Most of us have a quite good working conscience and know too well when we didn't behave the way we should have, our weren't able to live up to our own standards. Some of us try to ignore the nerve-wracking knocking of our conscience on the doors of our mind, but there aren't many who are successful in doing so. So noone really should be in need to tell you whether you're right or wrong. You should be able to see it yourself in a quite moment of leaning back and pondering. If there is something bothering you - its time to rethink our actions.
But many times after sinning, being mean or simply not doing good enough we don't have the courage to stand up and fix what we have broken.
What you don't repair will remain broken. If you have an honest interest in a relationship , and that should be the case if you befriended/married the right people, you might also have an honest interest in fixing the cracks.
So go ahead and fix it. If you can't fix it : make it less hurting. Clean your conscience, make a move and step out of you're comfort zone. Forget the ego.

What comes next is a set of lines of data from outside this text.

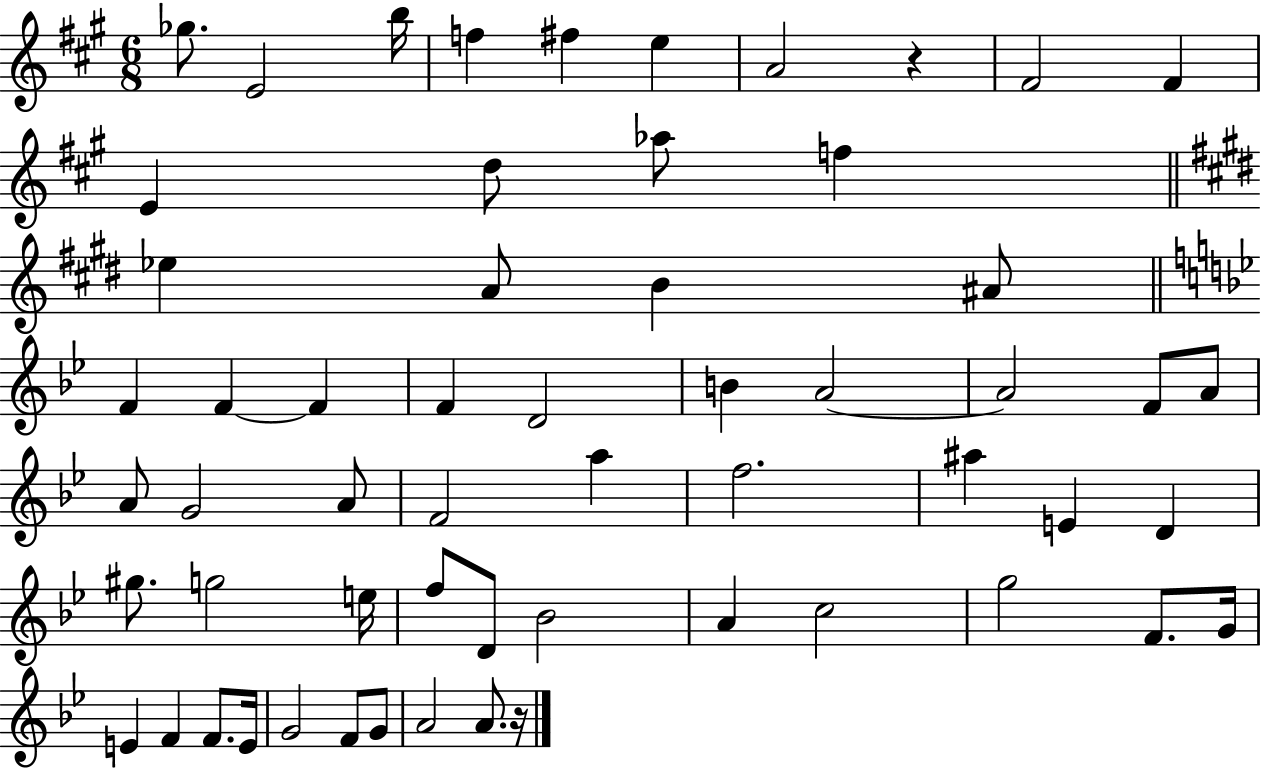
X:1
T:Untitled
M:6/8
L:1/4
K:A
_g/2 E2 b/4 f ^f e A2 z ^F2 ^F E d/2 _a/2 f _e A/2 B ^A/2 F F F F D2 B A2 A2 F/2 A/2 A/2 G2 A/2 F2 a f2 ^a E D ^g/2 g2 e/4 f/2 D/2 _B2 A c2 g2 F/2 G/4 E F F/2 E/4 G2 F/2 G/2 A2 A/2 z/4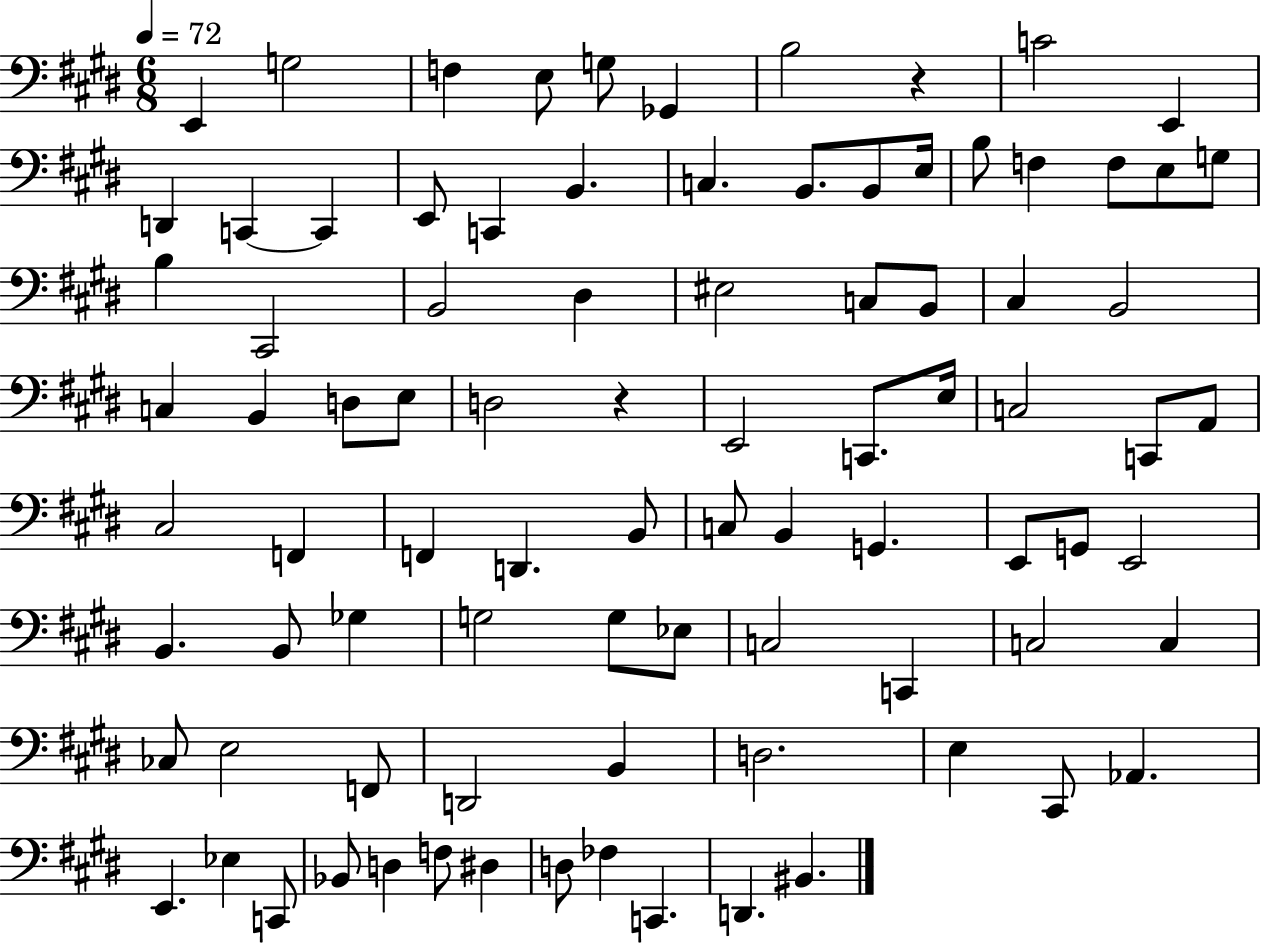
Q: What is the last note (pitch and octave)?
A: BIS2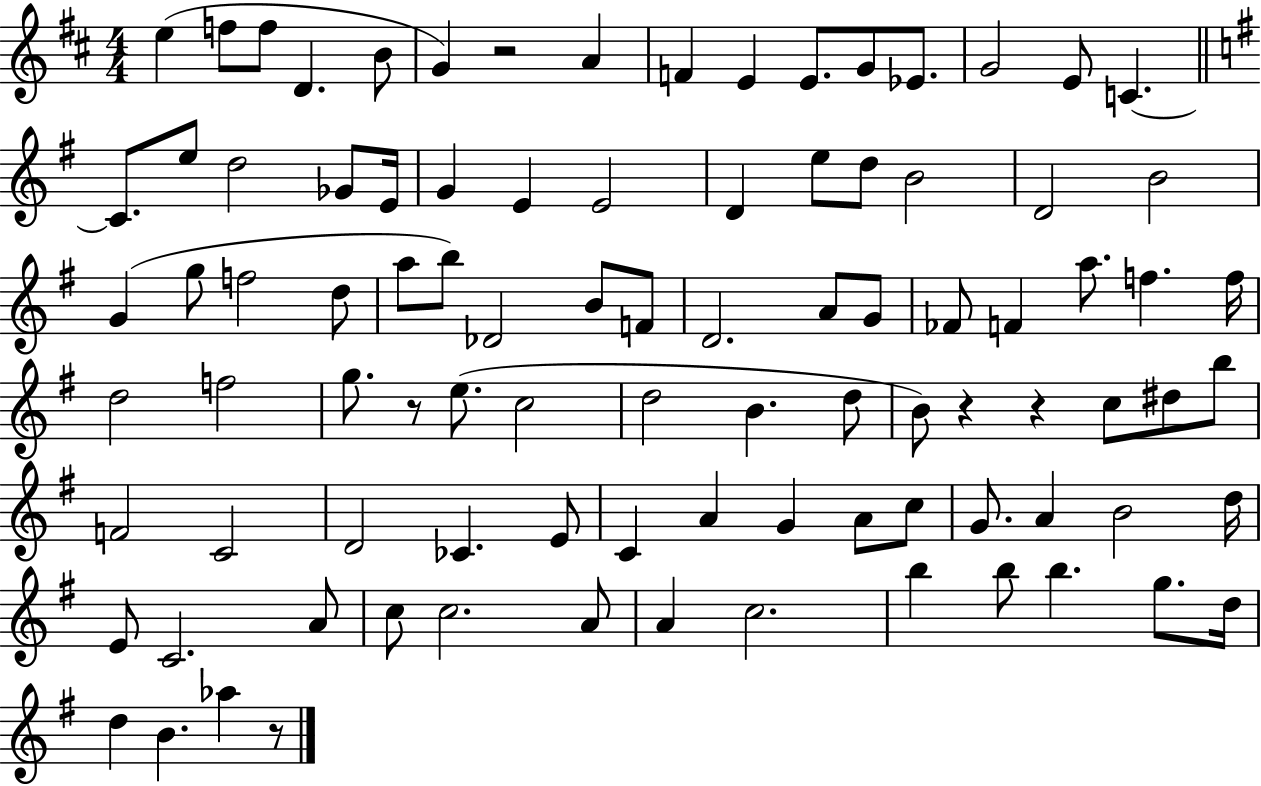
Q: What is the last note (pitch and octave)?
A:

The other side might be waiting for your move, struggling the same way
The rarest separations are pleasurable.
1) Rethink the situation :
What have you done wrong ? What could have you done better ? What do you still stand behind ? Why are you upset ? Why is the other side upset ? How can you change it ?2) Rethink your relationship :
What does the other mean to you ? Why do you like them ? Why could they be liking you ? Is the issue worth risking the relationship ?3) Rethink your character :
Do you often react in a way in which you wish you shouldn't ? How are you planning to change it ?Once you apologize for something you will be a lot less likely to repeat the same behaviour. Apologizing is never easy in the first moment. Admitting ones own faults to someone we have wronged without trying to justify is never a pleasurable experience for the first seconds. It might take some mental preparation time. But its worth it.